Once upon a time, 3D was a form of movie-making in which — I remember this from my youth in the 1950s — something could seemingly fly off the screen and grab you by the throat (or an arrow, spear, or missile could whiz right at you).
Today, 3D (at least to me) has quite a different meaning. The 3Ds of the world of my old age (and believe me they, too, can in some fashion reach right off the screen and grab you by the throat) are The Donald, Dysdopia, and Decline. And yes, I’ve admittedly done a little 3D fiddling of my own with that classic word “dystopia” meant for a deeply negative, apocalyptically horrific future world (think 1984, or do I mean 2025?) — the very opposite, in other words, of utopia.

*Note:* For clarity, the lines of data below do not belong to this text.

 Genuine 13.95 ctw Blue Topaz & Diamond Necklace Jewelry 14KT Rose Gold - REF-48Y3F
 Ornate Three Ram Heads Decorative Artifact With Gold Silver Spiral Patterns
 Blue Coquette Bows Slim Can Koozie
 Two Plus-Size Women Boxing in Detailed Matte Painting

I’ve replaced its “t” with that extra “d” in “honor” (and indeed, that word does have to go in quotation marks) of Donald Trump who is already ushering us into what looks to be the most devastatingly disastrous presidency in this country’s long history.
Denier-in-Chief
In case you don’t think he’s taking us all for one hell of a ride, think again. After all, he and his family started cashing in on his second presidency even before it began. As the New York Times reported, three days ahead of his inauguration, he announced on his social media account that his family had issued a cryptocurrency called $Trump. And if that stumps (or do I mean $trumps?) you, I’m hardly shocked. Perhaps you won’t be surprised to learn, in fact, that each of its memecoins quickly surged in value from eight cents to $75 before — of course! — dropping off a cliff. It’s now estimated that it made the Trump Organization and its partners an instant $100 million or more, while other crypto-traders lost an estimated $2 billion in the process. And if that doesn’t sum up Donald Trump’s presidency to come, I’ll be surprised.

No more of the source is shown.